### How to complete this task
Please repeat the whole listing exactly, but leave the pictures out.

### Data shown
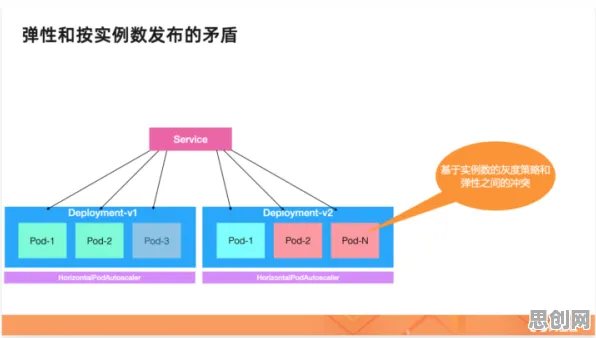 从计算机科学角度重新理解Serverless兴起，认知完全不同了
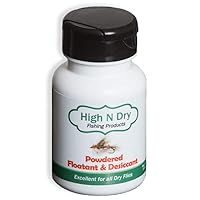Floatant for Dry Fly Fishing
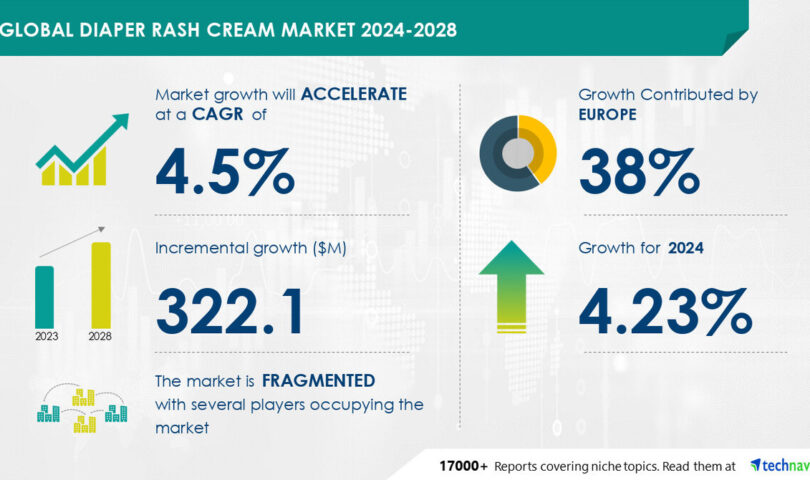 Diaper Rash Cream Market size is set to grow by USD 322.1 million from 2024-2028, Increasing consumer awareness about natural baby products boost the market, Technavio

### Answer space
 从计算机科学角度重新理解Serverless兴起，认知完全不同了
Floatant for Dry Fly Fishing
 Diaper Rash Cream Market size is set to grow by USD 322.1 million from 2024-2028, Increasing consumer awareness about natural baby products boost the market, Technavio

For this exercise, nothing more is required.